Because I'm culinarily bored with my own cooking, I've recently acquired the following spices: garam masala allspice a random curry chipotle chili powder ground cardamom I will do something with these soon, maybe torment some hacked apart chicken body parts and appendages. Spices are pretty cheap if you don't buy them from a national or regional supermarket chain. Depending on where you live, you're much better off buying spices from a local ethnic market. They'll be fresher and less expensive. Ralphs grocery store, for example, sells cardamom powder for $16/spice bottle. It's not really a high traffic spice like cinnamon or allspice. So it's priced so that it never makes it off the shelf, or whatever. At an ethnic market you can find ground cardamom for about $3-4, and the quantity will be more than enough. If you don't live near a dense ethnic (non-white) area, the next best places to shop for spice are Whole Foods market and Cost Plus World market.

KItchen Notes: Mmm, that sauce packet

I'm pretty close taste-wise to deconstructing the ingredient ratio for Annie Chun's udon soup (sold at Trader Joe's). Ok, so what's in the soup is printed on the container which reads: naturally brewed soy sauce, shitake mushroom, sea vegetable, evaporated cane juice, rice wine, and yeast extract. When you pour it out of its packet, it's a dark liquid with no dangly bits and isn't murky. So, the sea vegetable is probably a standard grade seaweed like kelp or kombu; both of which are common to asian soups. I suppose I really don't have a reason for doing this other than it's a personal quest this year to make homemade udon noodles and a good soup base to go with it. Sea vegetable and shitake mushroom exists in the Annie Chun recipe as a dashi. The yeast extract won't make it into my soup base recipe since it's pretty much MSG. A basic dashi recipe is that you take a dried ingredient and rehydrate it with water, usually by boiling it until the ingredient softens. The reserve liquid is the dashi and is used in soups and sauces. A lot of meat/vegetable/potsticker dipping sauces will call for a 2:1:1 ratio of soy sauce, vinegar/wine, water. 

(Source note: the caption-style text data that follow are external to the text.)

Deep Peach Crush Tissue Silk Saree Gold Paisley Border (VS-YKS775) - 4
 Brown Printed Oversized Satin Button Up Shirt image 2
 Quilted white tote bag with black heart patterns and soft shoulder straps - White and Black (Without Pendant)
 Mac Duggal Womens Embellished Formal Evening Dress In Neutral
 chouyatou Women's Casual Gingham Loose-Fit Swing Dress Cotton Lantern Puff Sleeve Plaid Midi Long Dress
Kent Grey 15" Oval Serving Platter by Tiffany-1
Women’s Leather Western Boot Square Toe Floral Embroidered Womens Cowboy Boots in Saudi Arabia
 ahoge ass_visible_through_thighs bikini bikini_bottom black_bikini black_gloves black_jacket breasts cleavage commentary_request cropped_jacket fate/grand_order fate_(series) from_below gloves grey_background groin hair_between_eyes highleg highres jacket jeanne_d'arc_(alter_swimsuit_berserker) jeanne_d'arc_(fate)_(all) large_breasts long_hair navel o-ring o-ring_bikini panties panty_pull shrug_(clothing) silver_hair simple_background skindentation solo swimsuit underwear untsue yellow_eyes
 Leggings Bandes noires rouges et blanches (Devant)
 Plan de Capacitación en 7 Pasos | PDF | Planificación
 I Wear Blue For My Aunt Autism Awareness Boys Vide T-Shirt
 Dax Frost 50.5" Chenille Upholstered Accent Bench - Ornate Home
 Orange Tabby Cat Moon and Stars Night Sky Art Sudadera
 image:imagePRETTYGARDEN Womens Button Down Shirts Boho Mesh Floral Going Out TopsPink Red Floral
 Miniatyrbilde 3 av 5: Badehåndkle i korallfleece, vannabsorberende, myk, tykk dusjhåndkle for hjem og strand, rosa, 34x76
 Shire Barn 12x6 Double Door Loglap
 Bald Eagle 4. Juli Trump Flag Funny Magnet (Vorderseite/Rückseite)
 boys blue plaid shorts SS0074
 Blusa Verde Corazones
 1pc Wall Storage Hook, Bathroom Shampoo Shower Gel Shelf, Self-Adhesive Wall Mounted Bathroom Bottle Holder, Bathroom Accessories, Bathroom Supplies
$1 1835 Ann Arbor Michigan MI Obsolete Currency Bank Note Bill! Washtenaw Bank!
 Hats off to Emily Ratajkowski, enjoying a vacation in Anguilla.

This might be as easy as: 

2 tbsp soy sauce
1 tbsp rice wine
1 tbsp dashi. 

Adding sugar to a sauce is generally to taste by its maker, so this recipe would probably include no more than 1 tsp of unbleached cane sugar.

Float me

The original recipe comes from Alton Brown. I didn't have peach preserves so I might just have to make another batch to see what it tastes like. I'd imagine it'd be slightly sweeter. Last weekend it was pretty warm. I think southern California pretty much skipped spring and hopped along into early summer. I thought I'd make a rootbeer float, except I didn't have any ice cream.. ooh, but I did have the ingredients (half and half, heavy cream, sugar, vanilla bean) and an ice cream maker. 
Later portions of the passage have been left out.